Il nord-est siriano, nonostante sia controllato per la maggior parte dai Curdi dalle Unità di Protezione Popolare (YPG) supportate dagli Stati Uniti, è ancora teatro di attentati ed esplosioni contro le forze di sicurezza. Infatti, domenica 18 agosto, un’autobomba ha colpito sei milizie curde in un campo di addestramento nella città da loro controllata, Qamishli. L’azione è stata rivendicata da membri dell’Isis che conducono azioni sporadiche nel nord-est e fanno parte di “cellule dormienti”.

Pare che la Turchia voglia sfruttare il caos di quest’area per blindare il nord-ovest e rafforzare il fronte ribelle che combatte contro Assad. Per questo motivo, negli ultimi giorni, ha inviato rinforzi agli insorti presenti nella città di Khan Shaykhun dal 2014, più volte menzionata dai media internazionali per essere stata colpita da attacchi con armi chimiche, per i quali è stato accusato il regime di Assad.
Più precisamente, il 19 agosto, stando ai dati dell’Osservatorio siriano per i diritti umani che ha sede in Gran Bretagna, attacchi aerei hanno colpito alcune aree dove stazionava un convoglio che si stava dirigendo verso la provincia di Idlib. L’agenzia governativa pro-Assad SANA ritiene che il convoglio turco stesse tentando di aiutare i ribelli presenti a Khan Shaykhun e quindi nei pressi di Hama per resistere all’offensiva dei lealisti. In un primo momento, la Turchia non ha commentato ma successivamente ha fornito la propria versione tramite il Ministero della Difesa. Il convoglio era in movimento verso un punto d’osservazione nel nord siriano e nel passaggio sarebbero morti tre civili con dodici feriti dopo l’attacco governativo. 
Significativo il comportamento di Ankara che cerca di focalizzare l’attenzione sulle azioni militari siriane, sottolineando come queste abbiano violato gli accordi e la cooperazione con la Russia che, tra l’altro, sarebbe stata avvisata del transito del convoglio verso la Siria. 
Il supporto turco ai ribelli non viene tenuto nascosto dal colonnello Mustafa Bakour, a capo della fazione dell’opposizione filo-turca Jaish al-Izza, che ha ammesso il passaggio di altri ribelli verso Hama, tra cui quelli che fanno parte dell’Esercito Nazionale che dipende dalla Turchia.

In realtà è possibile fornire un’altra chiave di lettura. La Turchia tenta di irrobustire l’asse ribelle che occupa la città di Khan Shaykun e dintorni nel momento in cui il regime siriano è impegnato a ristrutturare la strada che porta al quartiere fieristico dove dal 28 agosto al 6 settembre si terrà la Fiera internazionale di Damasco che tenterà di ripristinare l’immagine nazionale e dare fiato al commercio. 

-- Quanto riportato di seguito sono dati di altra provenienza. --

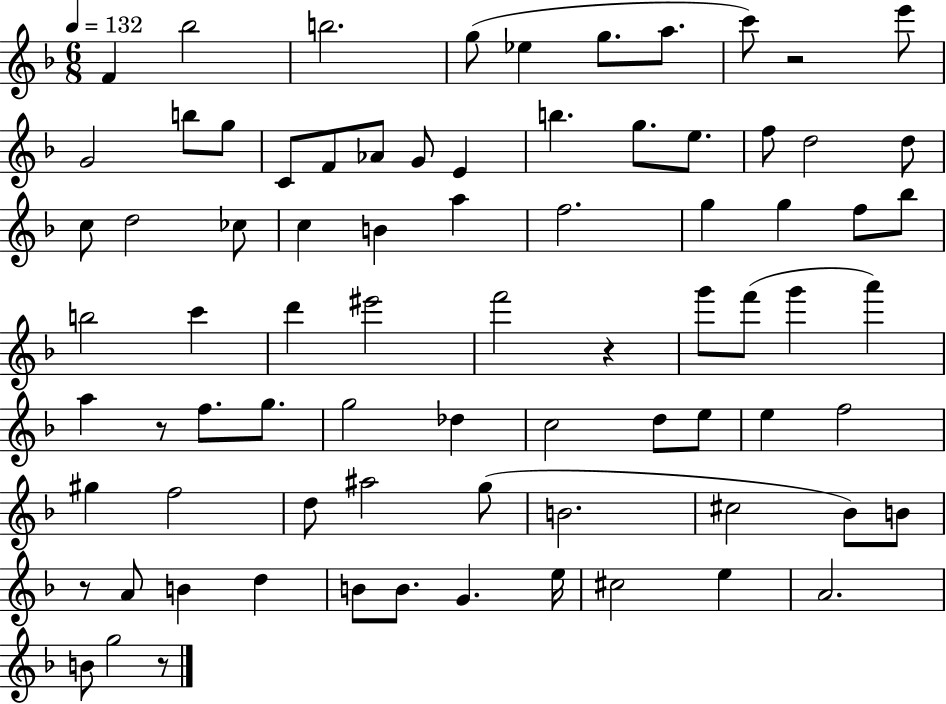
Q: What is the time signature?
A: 6/8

Khan Shaykhun resta una città strategica perché si colloca lungo l’autostrada che va da Damasco ad Aleppo, imprescindibile per Assad che, per l’opposizione, ha l’obiettivo di riprenderne il controllo. Le truppe lealiste sono già in marcia verso la città ribelle e hanno iniziato ad accerchiarla da est a ovest, contando sul supporto dell’aviazione. 
Gli scontri tra ribelli siriani vicini alla Turchia e lealisti continueranno nei prossimi mesi e probabilmente non risparmieranno neanche l’inverno, cruciale per il regime che mira a riprendersi il nord-ovest anche per ripristinare i traffici commerciali e garantire le forniture energetiche alla popolazione.